2

I have data from a PDF file that I am reading into R.

library(pdftools)
library(readr)
library(stringr)
library(dplyr)

results <- pdf_text("health_data.pdf") %>% 
  readr::read_lines()

When I read it in with this method, a character vector is returned. Multi-line information for a given column is spread out on different lines (and not all columns for each observation will have data.

A reproducible example is below:

ex_result <- c("03/11/2012 BES 3RD          BES inc and corp           no-            no- sale -",
  "           group with                           sale        no- sale",  
  "           boxes",                                                                   
  "03/11/2012 KRS six and    firefly                  45       mg/dL  100 - 200",        
  "           seven",                                                                   
  "03/11/2012 KRS core    ladybuyg            55       mg/dL  42 - 87")

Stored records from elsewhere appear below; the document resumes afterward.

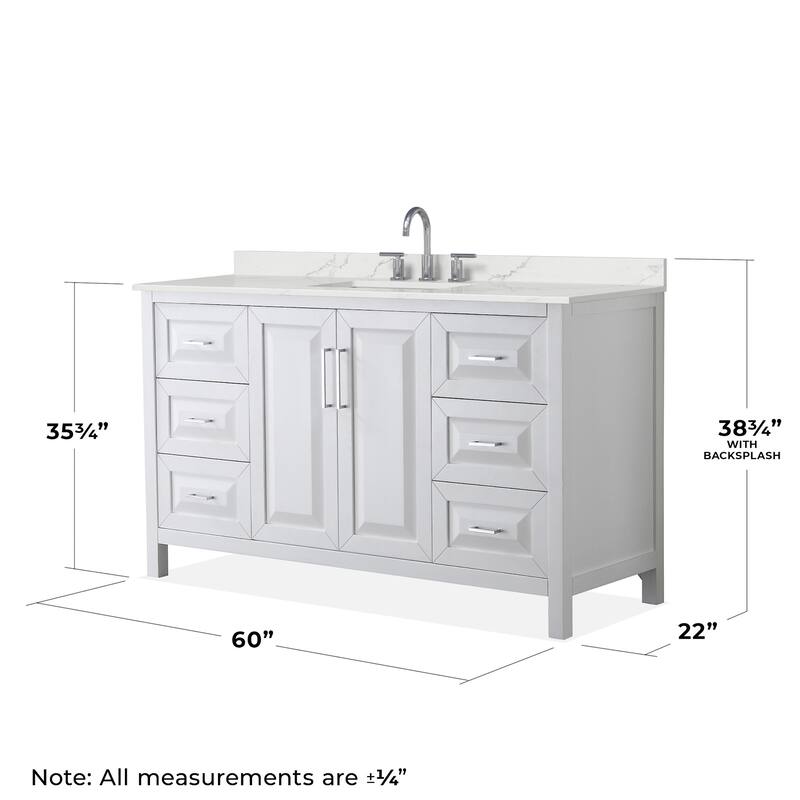 Wyndham Collection WCV252560S-QTZ-US3MXX Daria 60" Free Standing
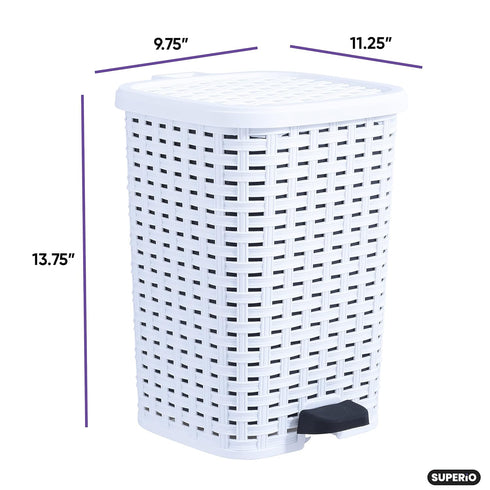 Superio Wicker Trash Can, 3.1 Gallons, White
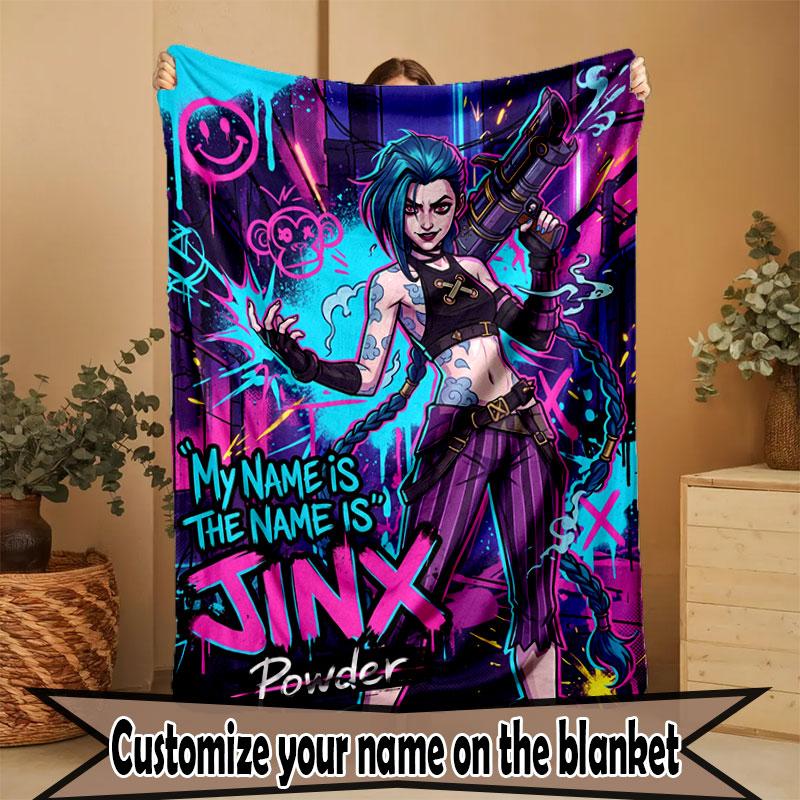Custom Name Personalized Jinx League of Legends Print Blanket, Home Decor, Bedroom, Sofa, Camping, Couch, Gifts for Birthday Christmas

I am trying to use read_fwf with fwf_widths as I read that it can handle multi-line input if you give the widths for multi-line records.

ex_result_width <- read_fwf(ex_result, fwf_widths(
  c(10, 24, 16, 7, 5, 15,100), 
  c("date", "name","description", "value", "unit","range","ab_flag")))

I determined the sizes by typing in the console nchar with the longest string that I saw for that column.

Using fwf_widths I can get the date column by defining in the width = argument with 10 bytes, but for the NAME column if I set it to say 24 bytes it returns back columns concatenated instead of rows split to account for multi-line which then cascades to the other columns now having the wrong data and the rest being dropped when space has run out.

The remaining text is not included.